Так, поздно ночью, меня принесло в отдаленное, малознакомое мне предместье, к ресторану, за окнами которого неистовствовала танцевальная музыка. Проходя в подворотню, я прочел старую вывеску над ней: «Черный орел». В ресторане шла ночная жизнь – шум, толчея, дым, винные пары и крики, в заднем зале танцевали, там и бушевала музыка. Я остался в переднем зале, где находились сплошь простые, частью бедновато одетые люди, тогда как в заднем, бальном, показывались и гости весьма элегантные. Сутолока оттеснила меня в глубину зала, к стоявшему близ буфета столику, где на скамье у стены сидела красивая бледная девушка в тонком, с глубоким вырезом бальном платьице, в волосах у нее был увядший цветок. Увидев, что я приближаюсь, девушка внимательно и приветливо взглянула на меня и, улыбнувшись, подвинулась, чтобы освободить мне место.
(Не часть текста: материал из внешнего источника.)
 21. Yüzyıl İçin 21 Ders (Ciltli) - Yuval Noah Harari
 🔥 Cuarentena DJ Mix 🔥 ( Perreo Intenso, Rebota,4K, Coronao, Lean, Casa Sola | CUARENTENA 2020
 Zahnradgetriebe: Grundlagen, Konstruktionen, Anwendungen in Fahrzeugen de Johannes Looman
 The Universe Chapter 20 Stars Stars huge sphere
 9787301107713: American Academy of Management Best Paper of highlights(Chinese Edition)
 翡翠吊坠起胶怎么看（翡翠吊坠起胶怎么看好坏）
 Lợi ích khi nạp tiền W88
– Можно? – спросил я и сел возле нее.

– Конечно, тебе можно, – сказала она, – ты кто?

– Спасибо, – сказал я, – я никак не могу пойти домой, не могу, не могу, я хочу остаться здесь, возле вас, если вы позволите. Нет, я не могу пойти домой.

Она закивала головой как бы в знак понимания, и, когда она кивала, я смотрел на локон, падавший у нее со лба к уху, и я увидел, что увядший цветок – это камелия. Из другого зала гремела музыка, у буфета официантки торопливо выкрикивали свои заказы.
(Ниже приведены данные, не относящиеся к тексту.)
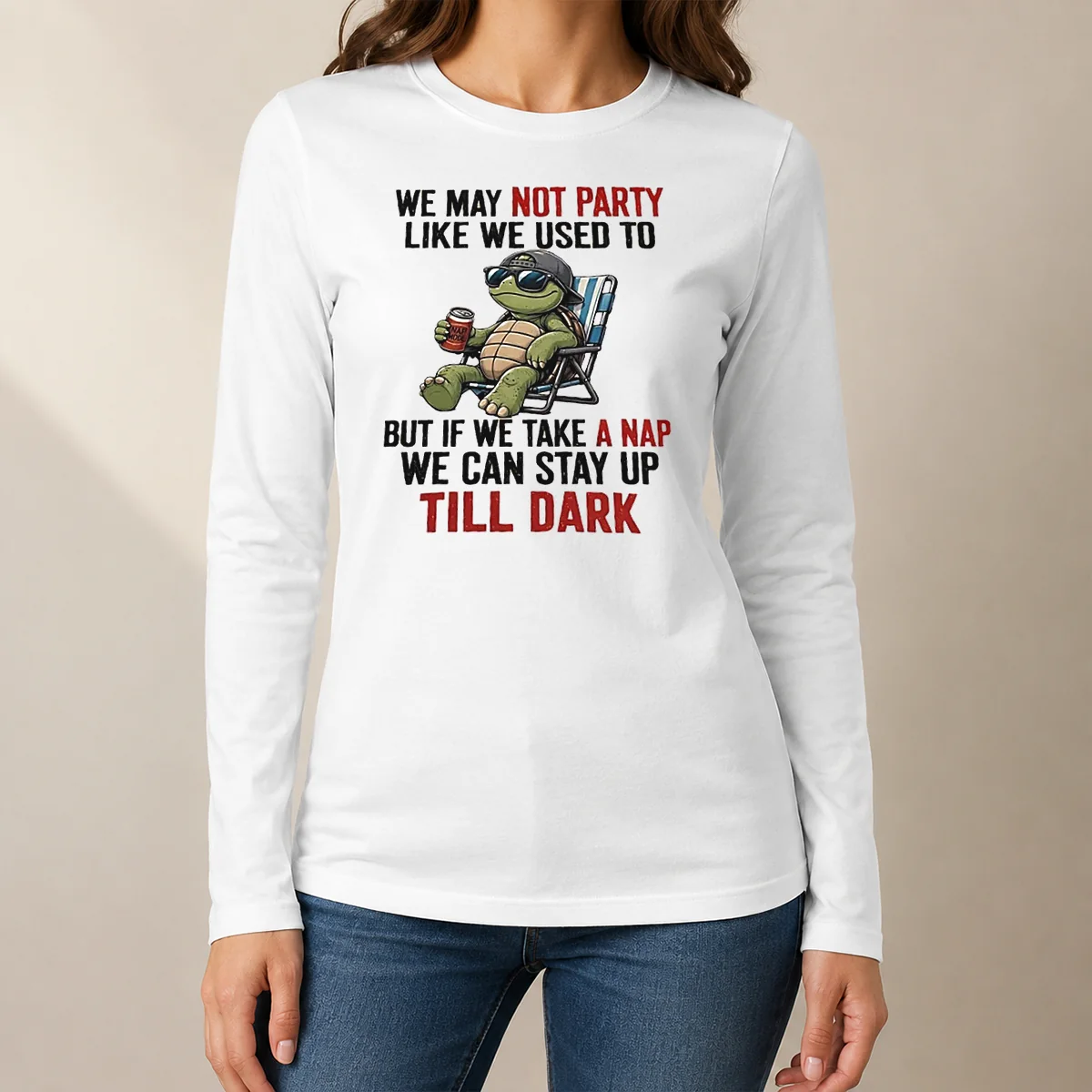 Pretty Turtle We May Not Party Like We Used To But If We Take A Nap We Can Stay Up Till Dark Long Sleeve Shirt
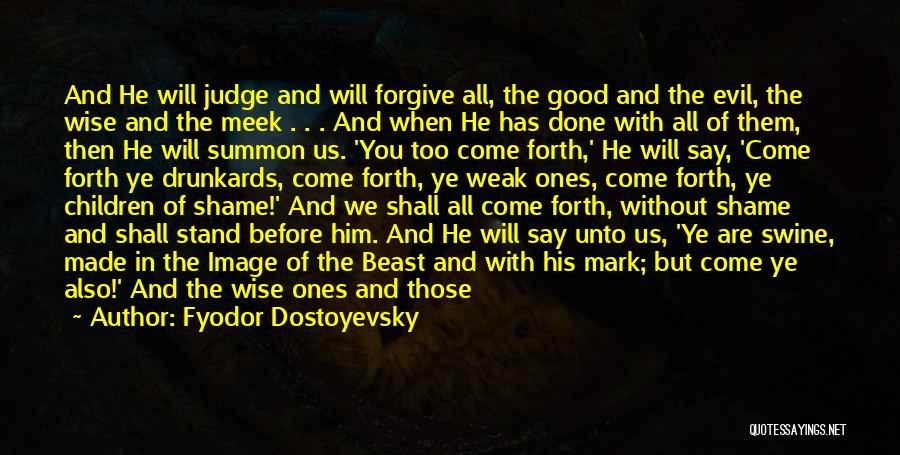 Fyodor Dostoyevsky Quotes: And He Will Judge And Will Forgive All, The Good And The Evil, The Wise And The Meek . .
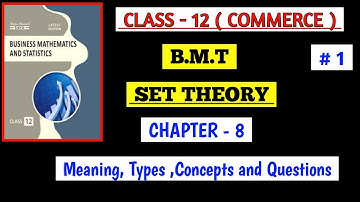 #1 BMT class -12 (commerce) SET THEORY/ chapter - 8 / by- rahul commerce academy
– Оставайся здесь, – сказала она голосом, который действовал на меня благотворно. – Почему же ты не можешь пойти домой?

– Не могу. Дома ждет меня… нет, не могу, это слишком страшно.

– Тогда не спеши и останься здесь. Только протри сначала очки, ты же ничего не видишь. Вот так, дай свой платок. Что будем пить? Бургундское?

Она вытерла мои очки; теперь лишь я увидел отчетливо ее бледное, резко очерченное лицо с накрашенным, алым ртом, со светлыми, серыми глазами, с гладким, холодным лбом, с коротким, тугим локоном возле уха. Она доброжелательно и чуть насмешливо стала меня опекать, заказала вина, чокнулась со мной и при этом посмотрела вниз, на мои башмаки.

– Боже, откуда ты явился? У тебя такой вид, словно ты пришел пешком из Парижа. В таком виде не приходят на бал.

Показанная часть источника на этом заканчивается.